Web typography is just as important as typography for print and can make drastic differences in how aesthetically pleasing a site appears to viewers. In a way, web typography is more important than it's cousin, print typography; there are many more factors to consider when designing a website than there are for a poster or corporate identity. Viewers are more likely to struggle through reading a printed piece than an article or a website online. We have all encountered a website that was too hard to read because of color choices, size, or poor typefaces. when we come across sites such as these, most of the time we won't even bother with them and will simply move on to find a site that is easier on the eyes. For this reason, it is important that as designers we take the time to consider typography in our creations.
I would like to discuss some of the bad typography choices I just mentioned, and correct the mistakes we often see. First, poor typeface choice. Before you can start thinking about color or size you must have an idea of which typeface will work best on the web.
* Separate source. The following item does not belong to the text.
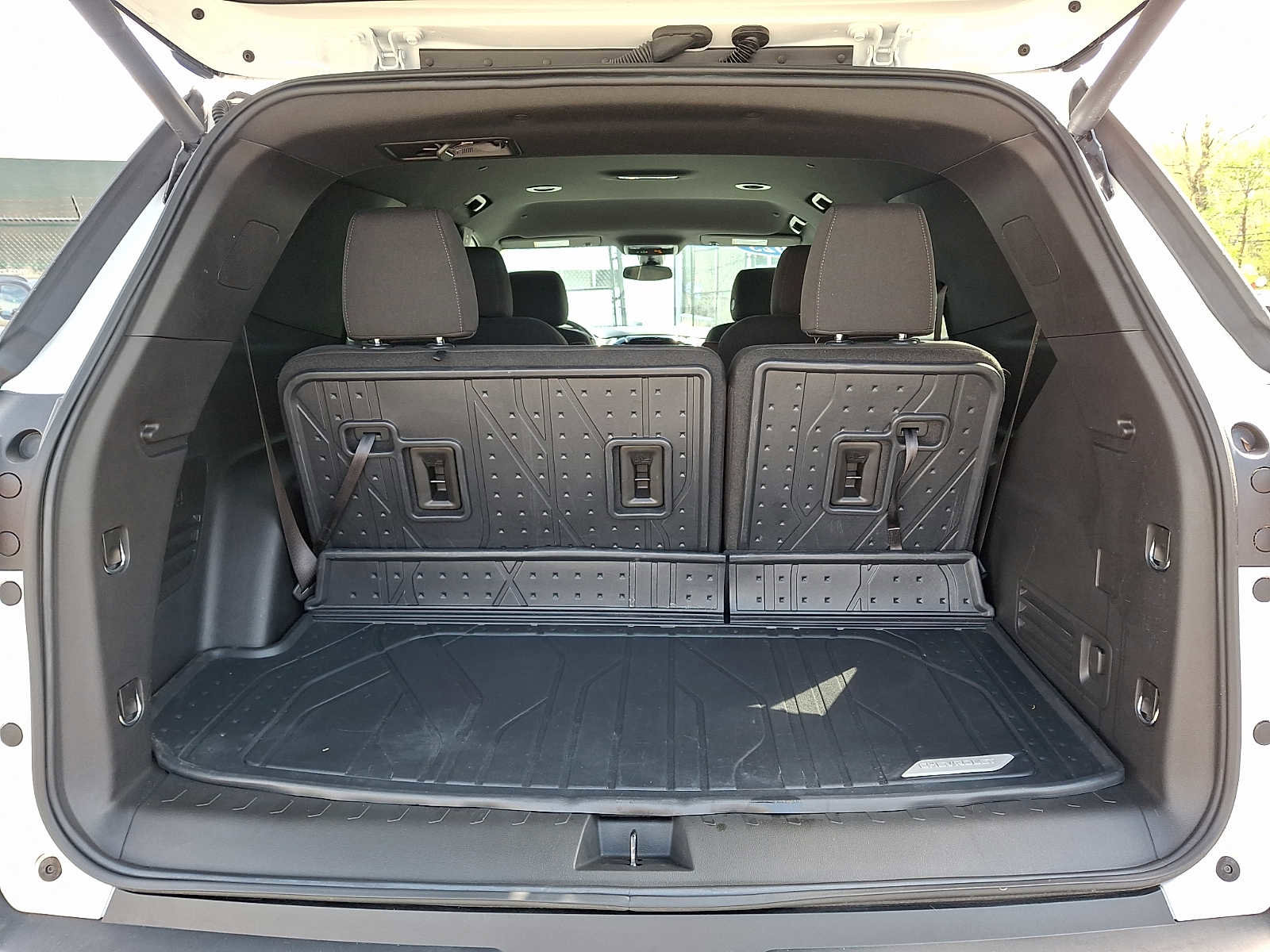 Used 2023 Chevrolet Traverse LT w/ LPO, Floor Liner Package AWD/4WD image 27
Generally, serif typefaces work best in print, and sans-serif typefaces are more web-friendly. This is not to say that you won't be able to use a serif typeface on your website, but you have to select the right one. Verdana, a sans-serif typeface, was designed for use on the web. It has a large x-height, simple curves, and open forms which make it one of the most web-friendly choices. Georgia, a serif typeface, was designed with these factors in mind allowing it to be web-friendly. Readability on screen is the biggest issue, so a typeface with a generous x-height will allow for the best readability.
Contrast is a huge factor in web typography, as well as in print. But on the web our eyes are already under a certain amount of strain simply due to looking at a screen. Contrast that is too high or too low can only exacerbate this strain, for example, trying to read neon green text on a black background, or light blue text on a pale pink background. We must test out different color palettes in order to find that perfect fit where our eyes move across the copy without color vibration or high/low contrast distracting us. Of course, color can be used in a good way, such as creating hierarchy or making something stand out to the viewer. Pop-color is one of the many tools at our disposal in order to guide our viewers through our content. Again, the color we choose must not compete with the color of the body-copy, but work with it to create an aesthetically pleasing design.
Size is another factor that can either help or hurt a design. The most readable type is usually set between 8-12 point. In print we can get away with leaning towards the smaller sizes, because generally when we are reading something as a hard-copy we hold it closer to our face than if we were to sit at a desk and look at a computer. Considering how far away the screen is likely to be from the viewer will help to choose an appropriate size. Choosing something too small will cause a viewer to have to lean towards the screen or squint just to be able to read your website, and on the other hand choosing something too large may overwhelm the viewer.
Something that is often overlooked is designing with the older demographic in mind. The baby-boomer generation is likely to increase font size on their computers to make like a little easier for them. This might be more of a design tip rather than a typography tip, but if your design isn't solid your perfectly organized grid layout might start overlapping and causing major readability issues. So to prevent a typographic faux-pas such as this, ensure that your CSS is built for flexibility.
With so many typefaces to choose from, how can we be guaranteed our viewer at home will be looking at the same thing on their computer that we are when we're designing a website? CSS allows us to stack fonts in our code in order of preference; if the viewer does not have the first choice font installed the next font in line will be displayed, and so on. This is great, but in some cases viewers will be viewing the same old system fonts that come with their computer. You could always turn your beautiful typeface into an image, but that might slow down your website, and that's counterproductive. Luckily some solutions were found; @font-face allowed us to link to a font on any server, but there were issues with copyrights because the linked font would be downloaded in some way to the viewer. Now we have EOT and WOFF formats that embed fonts in your web pages to guarantee viewing. Nowadays, good web typography isn't as much of an oxymoron with all these typefaces at our disposal.
By taking advantage of the tools available to us we are able to integrate typography into our designs for web just as easily as we would in print designs. This is a huge step for designers as it allows us to keep up with the times as technology continues evolving.